If someone can help I would really appreciate it.
Objective: Record anything to the Panasonic from the R15, without the message Copyright material cannot copy.

Setup:
R15 - OUT (1) to video 1 of Sony Wega.
R15 - OUT (2) to Panasonic IN3
Panasonic DMR-E75V - OUT - component to Video 4 on Sony Wega.

I have everything setup and can view programs from the R15 while on Video 4 on TV.

When I try to play and recorded on the R15 and then go to the Panasonic and press Record (doesnt matter if HDD or DVD) it has a message that says Copyrighted material cannot copy.
If I select a local news channel (NBC/CBS etc) and I get the same thing. Every channel is showing copyright material.

Is this the case? Is everything copyrighted?
I called Directv and they tell me its a Panasonic problem.
Panasonic tells me its a Directv problem.

Has anyone else run into this besided myself?

Thanks....


----------



## Earl Bonovich (Nov 15, 2005)

I have recorded many of things from the R15 to my Camcorder (which does detect CopyWrited signals)

Seriously though, do try to reboot the unit.
There have been several people that have reported the same issue and a reboot of the R15 corrects it.


----------



## jpsage (May 27, 2006)

I suggest that if you have one of those old fashioned VCRs and a commercial movie laying around that you take the output of the tape player into your DVD recorder. I think that you will find the same problem. I suspect that macrovision copy protection is stopping you from capturing the video. If I get time I will power up my old pc with and ATI AIW card in it and try to record R15 data. If macrovision is present the AIW will record it will a big blue stripe going through the middle.


----------



## Burton835 (May 30, 2006)

I feel like such the idiot. I rebooted the r15 and everything works. WOW, I only spent 4 days trying to figure this out. A little heads up on Panasonic. The tech support is terrible. Considering that they have so much info on making their units work with DTV recvs. They had no information for me or help. I am so glad that I found this forum, it is top notch. One reply and I have the right answer. Thanks for all the help, my blood pressure appreciated it as well.


----------



## qwerty (Feb 19, 2006)

Burton835 said:


> I feel like such the idiot. I rebooted the r15 and everything works. WOW, I only spent 4 days trying to figure this out. A little heads up on Panasonic. The tech support is terrible. Considering that they have so much info on making their units work with DTV recvs. They had no information for me or help. I am so glad that I found this forum, it is top notch. One reply and I have the right answer. Thanks for all the help, my blood pressure appreciated it as well.

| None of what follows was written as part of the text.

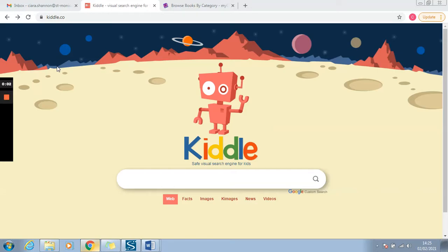Good morning everybody and welcome to today's literacy lesson. I've got a really exciting lesson for you today that I think you're going to love. It's looking at something we've done plenty of times before but I'm going to mix it up a little bit to keep things really exciting. So we've done plenty of learning about comprehension and you guys have been doing a wonderful job at home as well. But today sounds like a lot of information, so let's break it down.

Don't kick yourself! If the R15 was working properly in the first place you never would have had to go to all that trouble.


----------



## jonaswan2 (Oct 29, 2005)

qwerty said:


> Don't kick yourself! If the R15 was working properly in the first place you never would have had to go to all that trouble.


The R15 works fine so far. It's probably just a "feature."


----------



## qwerty (Feb 19, 2006)

jonaswan2 said:


> The R15 works fine so far. It's probably just a "feature."


Yet to be documented! :lol:


----------